Short answer: Subtitle Edit's OCR reads image-based subtitle tracks — VobSub from DVDs, PGS from Blu-rays, and the same tracks muxed inside MKV files. It does not read text that has been burned into the video picture itself. If your MP4 shows subtitles you can't switch off, there is no subtitle track in the file for Subtitle Edit to import, so its OCR tools never get a chance to run. Extracting that text requires a different kind of tool — one that scans the video frames — and this guide covers exactly which tools do that.

This question comes up constantly in the Subtitle Edit community: someone has an .mp4 with subtitles visibly on screen, remembers an "Import/OCR subtitles" menu, and can't work out why nothing happens. The confusion is understandable, because both features are called OCR — but they solve two very different problems. Let's take them apart.

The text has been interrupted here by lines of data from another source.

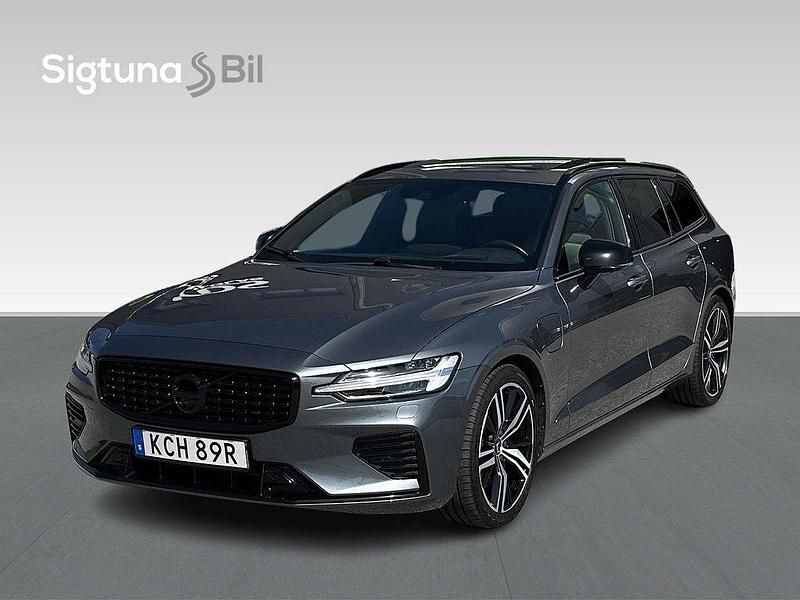 Grå Begagnad 2020 Volvo V60 R-Design Kombi | 369 900 kr (Marknadspris) - Bild 1/3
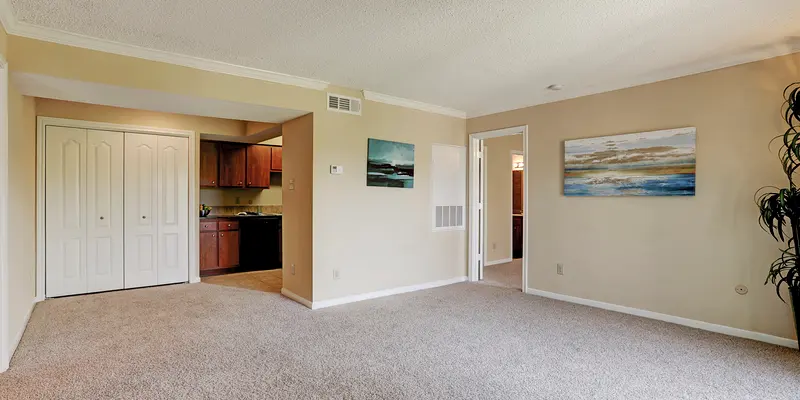 Reserve at Creekbend Apartments - Room, Wood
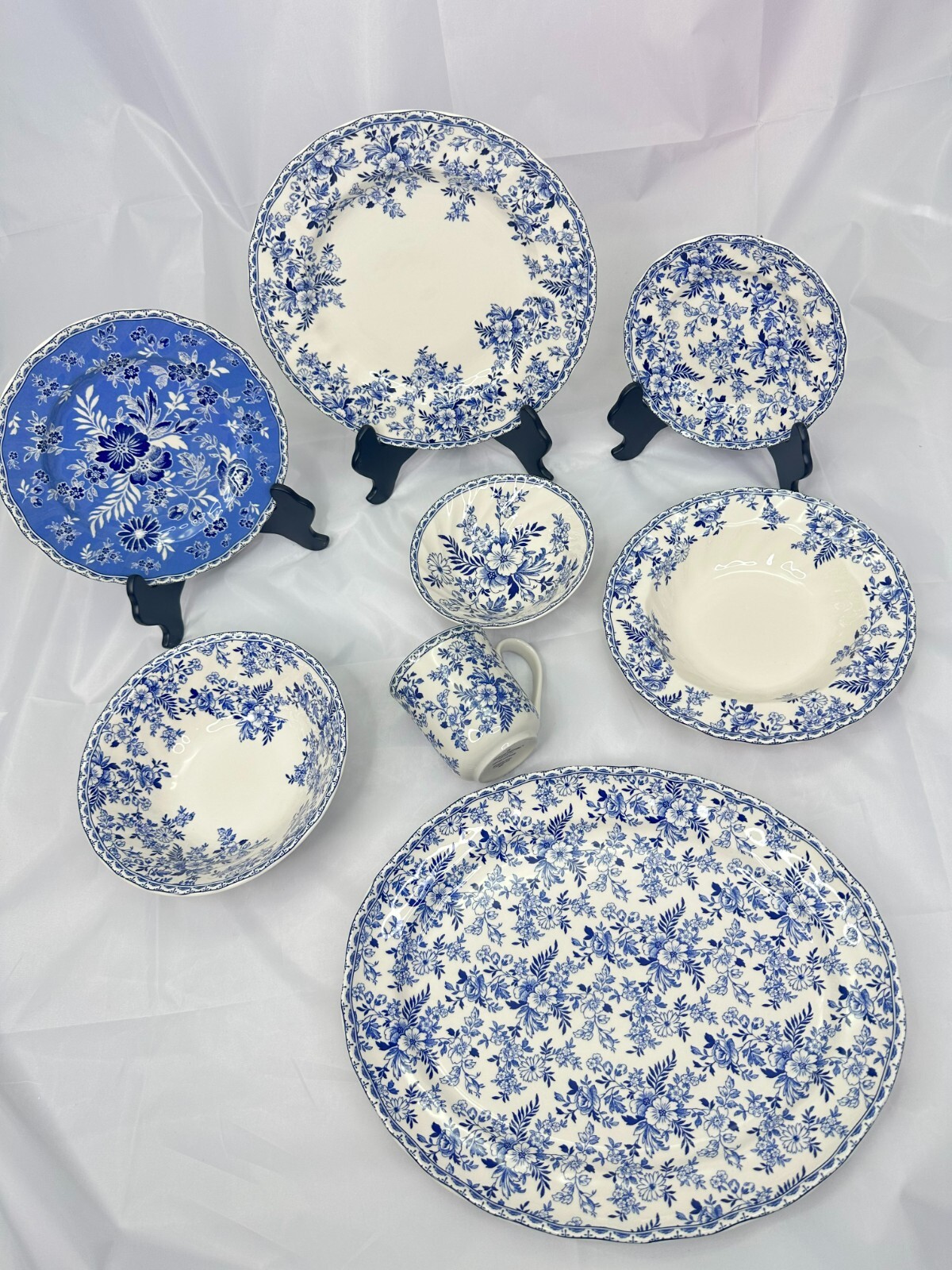 Johnson Brothers- Devon Cottage Plate, Bowl, Mug, tea cup & Saucer, Tea Sets
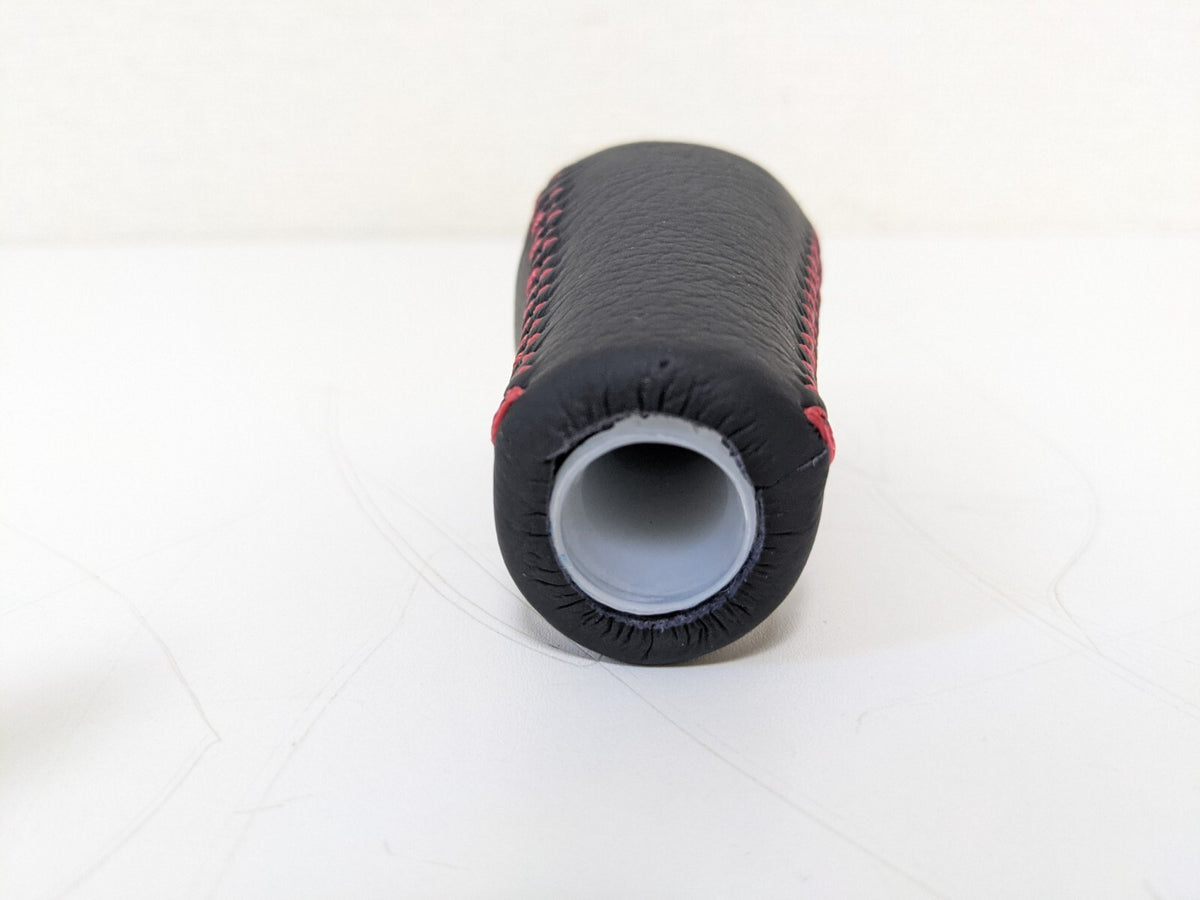 R504-17-520-00 MAZDA RX-7 FD3S SPIRIT-R GENUINE RED STITCH SHIFT KNOB OEM JDM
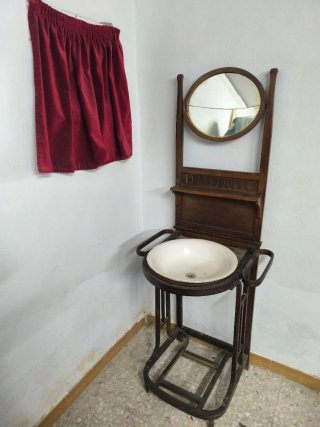 Lavabo palanganero antiguo madera y metal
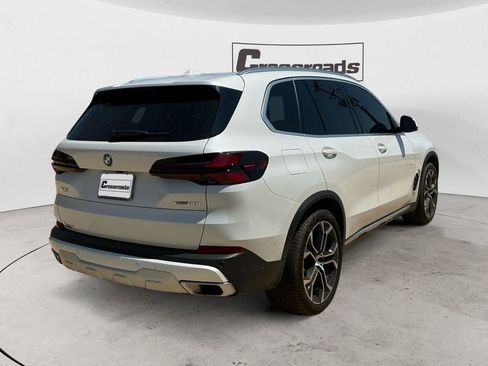Used 2024 BMW X5 xDrive40i w/ Premium Package AWD/4WD image 5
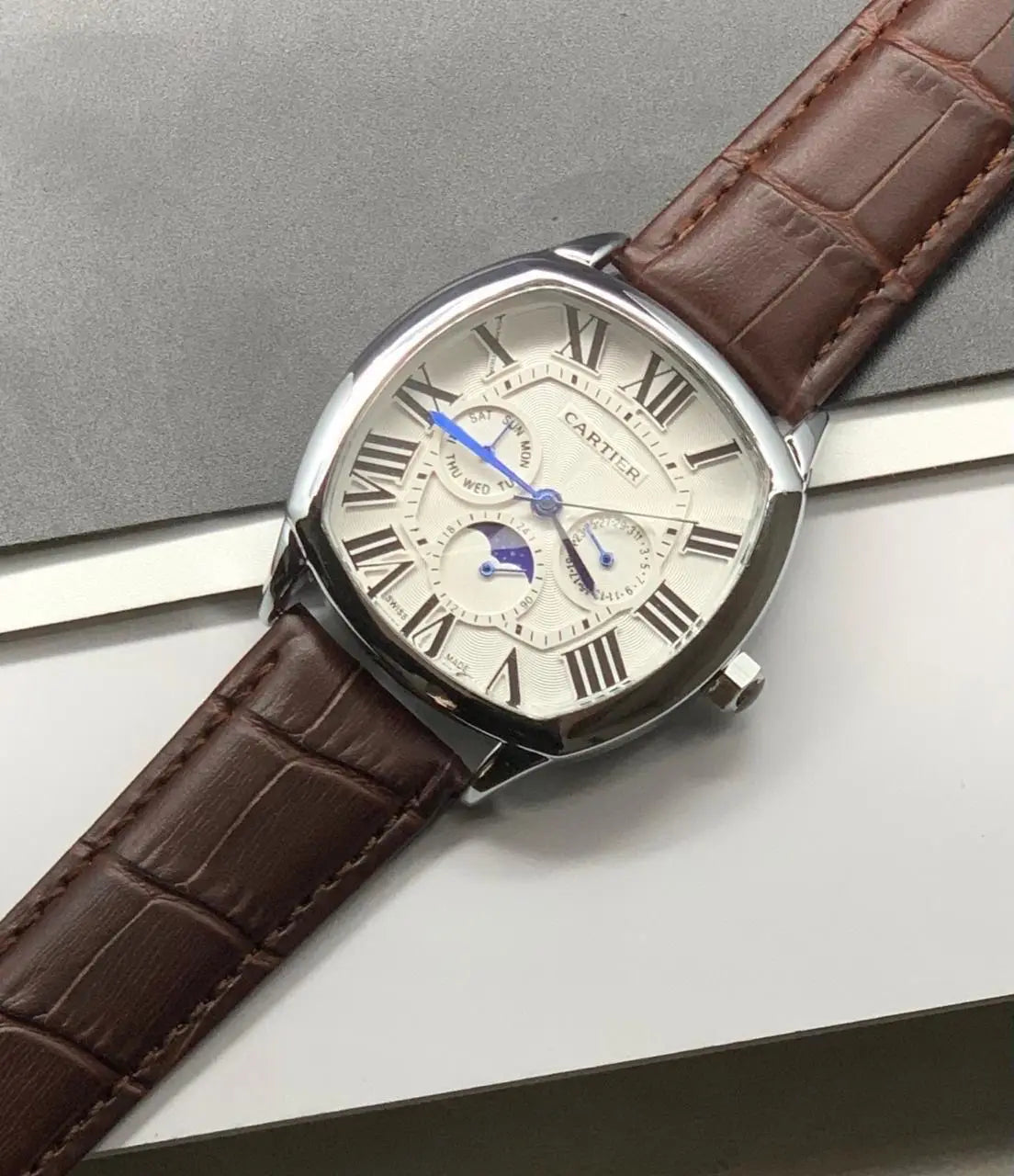Cartier sunmoon Main image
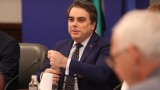Асен Василев: Радев не е в час с политическите процеси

What does Subtitle Edit's OCR actually do?

DVDs and Blu-rays don't store subtitles as text. They store them as images: every subtitle line is a small picture with a timestamp, sitting in its own track next to the video and audio streams. DVD subtitles use the VobSub format (.sub/.idx), Blu-rays use PGS (.sup), and both can be muxed into an MKV container when you rip a disc.

Because those pictures live in a separate track, Subtitle Edit can walk through them one by one, run OCR on each image, and hand you editable text with the original timing preserved. That is what Subtitle Edit's OCR window is for, and it is genuinely good at it: it supports multiple OCR engines and preserves every cue's original timing.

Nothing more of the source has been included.